**EXERCISE GOAL**: Return the lines below exactly, please, from the one containing "2 Bedroom Flat" through the last one, both included, and leave out any pictures.
BEGIN
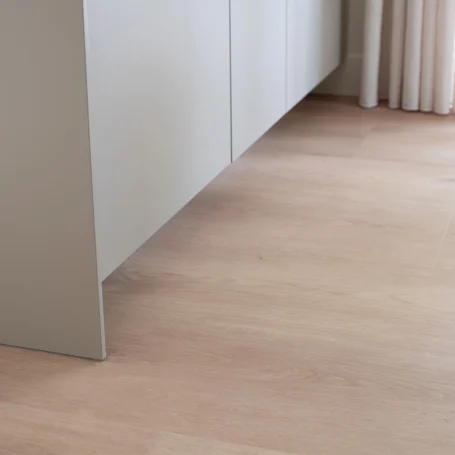 Floer Landhaus Klick Vinyl Boden Verwitterte Eiche Wohnzimmer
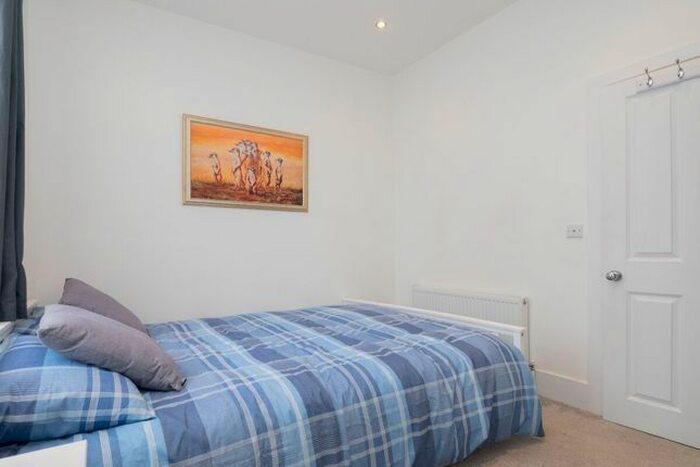 2 Bedroom Flat To Rent In Bed Flat To Rent In, St. James Road, Sutton., SM1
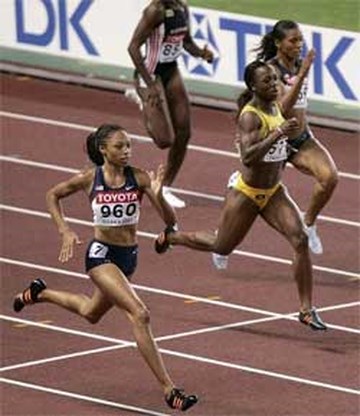 Allyson Felix maakt indruk in halve finales 200 meter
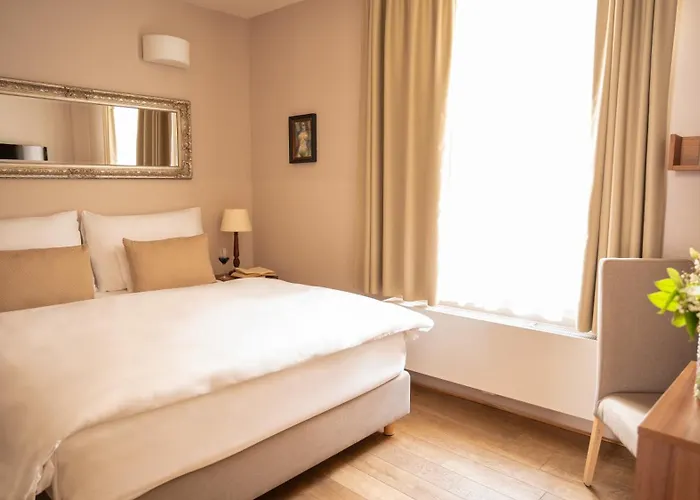Golden Key Castle Hotel 4*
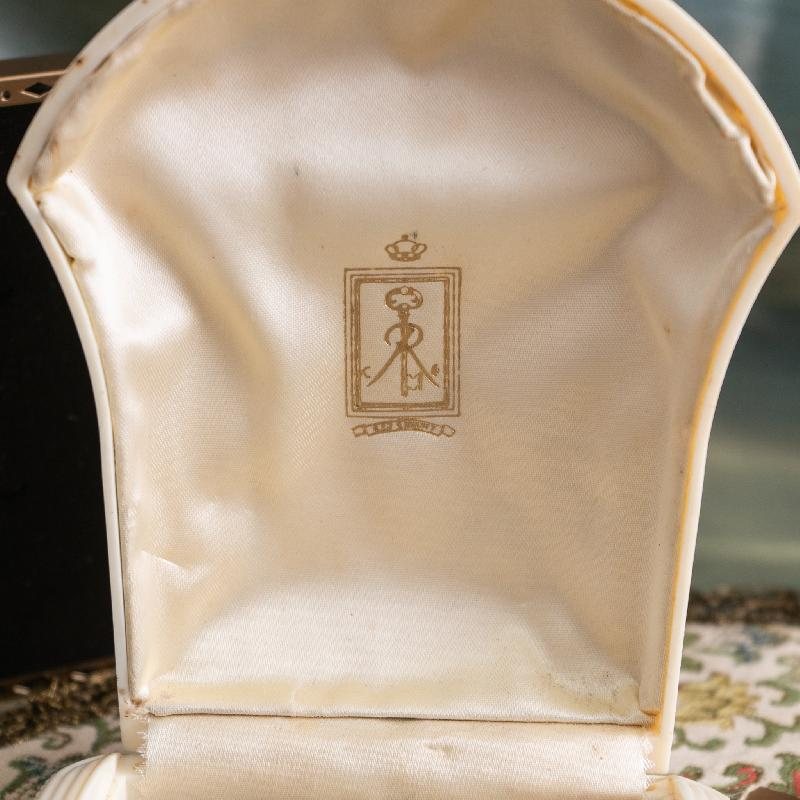 Antique C.a. 1930s ART DECO Early Plastic CELLULOID Cream white Shell Shape Jewelry box (MT1968)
END
**THE ANSWER**:
 2 Bedroom Flat To Rent In Bed Flat To Rent In, St. James Road, Sutton., SM1
 Allyson Felix maakt indruk in halve finales 200 meter
Golden Key Castle Hotel 4*
 Antique C.a. 1930s ART DECO Early Plastic CELLULOID Cream white Shell Shape Jewelry box (MT1968)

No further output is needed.